I just came across [this paper][1], which describes how to compute the repeatability (a.k.a. reliability, a.k.a. intraclass correlation) of a measurement via mixed effects modelling. The R code would be:

    #fit the model
    fit = lmer(dv~(1|unit),data=my_data)

    #obtain the variance estimates
    vc = VarCorr(fit)
    residual_var = attr(vc,'sc')^2
    intercept_var = attr(vc$id,'stddev')[1]^2

    #compute the unadjusted repeatability
    R = intercept_var/(intercept_var+residual_var)
    
    #compute n0, the repeatability adjustment
    n = as.data.frame(table(my_data$unit))
    k = nrow(n)
    N = sum(n$Freq)
    n0 = (N-(sum(n$Freq^2)/N))/(k-1)

    #compute the adjusted repeatability
    Rn = R/(R+(1-R)/n0)

 I believe that this approach can also be used to compute the reliability of effects (i.e. sum contrast effect of a variable with 2 levels), as in:

    #make sure the effect variable has sum contrasts
    contrasts(my_data$iv) = contr.sum

    #fit the model
    fit = lmer(dv~(iv|unit)+iv,data=my_data)

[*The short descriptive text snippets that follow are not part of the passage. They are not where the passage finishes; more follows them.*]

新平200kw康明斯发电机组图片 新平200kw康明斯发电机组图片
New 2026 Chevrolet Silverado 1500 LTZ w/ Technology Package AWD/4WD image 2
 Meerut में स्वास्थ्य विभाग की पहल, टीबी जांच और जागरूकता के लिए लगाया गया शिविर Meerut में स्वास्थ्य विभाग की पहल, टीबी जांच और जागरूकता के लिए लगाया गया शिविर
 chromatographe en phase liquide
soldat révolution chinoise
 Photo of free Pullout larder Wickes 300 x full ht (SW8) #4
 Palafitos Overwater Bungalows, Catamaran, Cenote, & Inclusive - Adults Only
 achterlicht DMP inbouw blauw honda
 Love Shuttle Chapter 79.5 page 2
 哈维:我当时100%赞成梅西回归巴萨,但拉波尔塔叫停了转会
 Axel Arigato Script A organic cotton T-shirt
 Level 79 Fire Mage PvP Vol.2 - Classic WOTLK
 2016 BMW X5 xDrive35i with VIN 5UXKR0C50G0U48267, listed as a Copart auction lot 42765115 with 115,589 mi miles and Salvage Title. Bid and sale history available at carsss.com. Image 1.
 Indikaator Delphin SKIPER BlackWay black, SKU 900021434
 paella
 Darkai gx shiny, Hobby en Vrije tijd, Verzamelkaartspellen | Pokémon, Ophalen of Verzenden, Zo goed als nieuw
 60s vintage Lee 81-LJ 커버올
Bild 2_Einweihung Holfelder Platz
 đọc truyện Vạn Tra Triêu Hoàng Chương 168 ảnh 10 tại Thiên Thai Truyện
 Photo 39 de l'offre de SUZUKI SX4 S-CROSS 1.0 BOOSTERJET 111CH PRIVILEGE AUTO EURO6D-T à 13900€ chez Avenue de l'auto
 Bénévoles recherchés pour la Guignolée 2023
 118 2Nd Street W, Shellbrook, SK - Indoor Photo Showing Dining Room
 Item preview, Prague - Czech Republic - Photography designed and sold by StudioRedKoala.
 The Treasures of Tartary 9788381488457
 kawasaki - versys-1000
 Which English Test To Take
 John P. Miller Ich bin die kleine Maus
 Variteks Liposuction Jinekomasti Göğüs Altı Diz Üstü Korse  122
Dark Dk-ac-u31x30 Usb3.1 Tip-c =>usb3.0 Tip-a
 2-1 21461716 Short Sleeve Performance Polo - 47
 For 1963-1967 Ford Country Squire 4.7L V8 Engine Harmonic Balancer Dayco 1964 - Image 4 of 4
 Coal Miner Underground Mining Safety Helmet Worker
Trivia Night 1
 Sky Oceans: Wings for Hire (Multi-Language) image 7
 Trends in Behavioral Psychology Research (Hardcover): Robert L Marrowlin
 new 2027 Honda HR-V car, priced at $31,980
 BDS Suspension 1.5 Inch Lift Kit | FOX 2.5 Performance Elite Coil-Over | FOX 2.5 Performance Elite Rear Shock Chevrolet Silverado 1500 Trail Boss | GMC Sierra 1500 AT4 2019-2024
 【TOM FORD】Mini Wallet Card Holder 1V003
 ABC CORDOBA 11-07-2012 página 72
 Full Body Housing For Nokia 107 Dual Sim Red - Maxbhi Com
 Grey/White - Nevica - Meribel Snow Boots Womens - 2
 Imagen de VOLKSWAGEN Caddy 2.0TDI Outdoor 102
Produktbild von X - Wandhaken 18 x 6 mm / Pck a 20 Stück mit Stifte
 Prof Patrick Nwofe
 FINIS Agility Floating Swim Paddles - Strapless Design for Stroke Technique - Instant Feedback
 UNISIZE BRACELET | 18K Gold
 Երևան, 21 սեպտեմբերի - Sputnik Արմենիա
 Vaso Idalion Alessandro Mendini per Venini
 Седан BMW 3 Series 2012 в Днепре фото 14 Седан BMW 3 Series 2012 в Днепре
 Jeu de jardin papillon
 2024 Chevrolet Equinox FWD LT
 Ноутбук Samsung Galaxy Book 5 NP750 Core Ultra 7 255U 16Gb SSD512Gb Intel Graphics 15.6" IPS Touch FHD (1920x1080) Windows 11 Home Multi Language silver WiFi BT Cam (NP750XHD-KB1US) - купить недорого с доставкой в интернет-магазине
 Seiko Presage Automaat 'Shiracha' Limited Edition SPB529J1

    #obtain the variance estimates
    vc = VarCorr(fit)
    residual_var = attr(vc,'sc')^2
    effect_var = attr(vc$id,'stddev')[2]^2

    #compute the unadjusted repeatability
    R = effect_var/(effect_var+residual_var)
    
    #compute n0, the repeatability adjustment
    n = as.data.frame(table(my_data$unit,my_data$iv))
    k = nrow(n)
    N = sum(n$Freq)
    n0 = (N-(sum(n$Freq^2)/N))/(k-1)

    #compute the adjusted repeatability
    Rn = R/(R+(1-R)/n0)

Three questions:

 1. Do the above computations for obtaining the point estimate of the repeatability of an effect make sense?
 2. When I have multiple variables whose repeatability I want to estimate, adding them all to the same fit (e.g. `lmer(dv~(iv1+iv2|unit)+iv1+iv2`) seems to yield higher repeatability estimates than creating a separate model for each effect. This makes sense computationally to me, as inclusion of multiple effects will tend to decrease the residual variance, but I'm not positive that the resulting repeatability estimates are valid. Are they?
 3. The above cited paper suggests that likelihood profiling might help me obtain confidence intervals for the repeatability estimates, but so far as I can tell, `confint(profile(fit))` only provides intervals for the intercept and effect variances, whereas I would additionally need the interval for the residual variance to compute the interval for the repeatability, no?